QuerySet.raw() method returns string instead of dict for JSONField().

Reported by: horpto Owned by: nobody
Component: Database layer (models, ORM) Version: 3.1
Severity: Normal Keywords: JSONfield
Cc: Triage Stage: Unreviewed
Has patch: no Needs documentation: no
Needs tests: no Patch needs improvement: no
Easy pickings: no UI/UX: no

Description

Imagine 2 tables:

class AtsPhoneCall(models.Model):
    created = models.DateTimeField(auto_now_add=True, db_index=True)

    class Meta:
        db_table = 'atscall'

class PhoneCall(models.Model):
    ats_call = models.OneToOneField(
        'phones.AtsPhoneCall',
        on_delete=models.PROTECT,
        related_name='call',
    )
    ivr_data = models.JSONField(null=True)

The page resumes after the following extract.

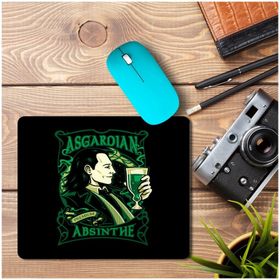 Art Hediye Asgardian Absinthe Baskılı 23x19 cm Mouse Pad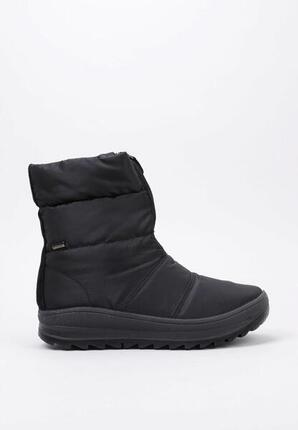 Bottes femme IMAC 459058 noires, imperméables, 35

And raw query with join will give us wrong value of ivr_data. Old django.contrib.postgres.fields.JSONField returned dict value as new django.db.models.JSONField returns str instead of dict. Example from django shell:

>>> sql = '''
    join phones_phonecall as p on atscall.id = p.ats_call_id
    where ivr_data is not null
    limit 10
'''
...     select atscall.id, p.ivr_data
...     from atscall
...     join phones_phonecall as p on atscall.id = p.ats_call_id
...     where ivr_data is not null
...     limit 10
... '''
>>>
>>> AtsPhoneCall.objects.raw(sql)[0].ivr_data
DEBUG;(0.002)
    select atscall.id, p.ivr_data
    from atscall
    join phones_phonecall as p on atscall.id = p.ats_call_id
    where ivr_data is not null
    limit 10
; args=()
'{"v1": []}'
>>>
>>> for i in AtsPhoneCall.objects.raw(sql):
...     print(i.id, i.ivr_data, type(i.ivr_data))
...     break
...
DEBUG;(0.002)
    select atscall.id, p.ivr_data
    from atscall
    join phones_phonecall as p on atscall.id = p.ats_call_id
    where ivr_data is not null
    limit 10
; args=()
180621245012669 {"v1": []} <class 'str'>
>>> next(AtsPhoneCall.objects.raw(sql).iterator()).ivr_data
DEBUG;(0.008)
    select atscall.id, p.ivr_data
    from atscall
    join phones_phonecall as p on atscall.id = p.ats_call_id
    where ivr_data is not null
    limit 10
; args=()
'{"v1": []}'

Change History (4)

comment:1 by Mariusz Felisiak, 4 years ago

Resolution: wontfix
Status: newclosed
Summary: .raw method returns string instead of dictQuerySet.raw() method returns string instead of dict for JSONField().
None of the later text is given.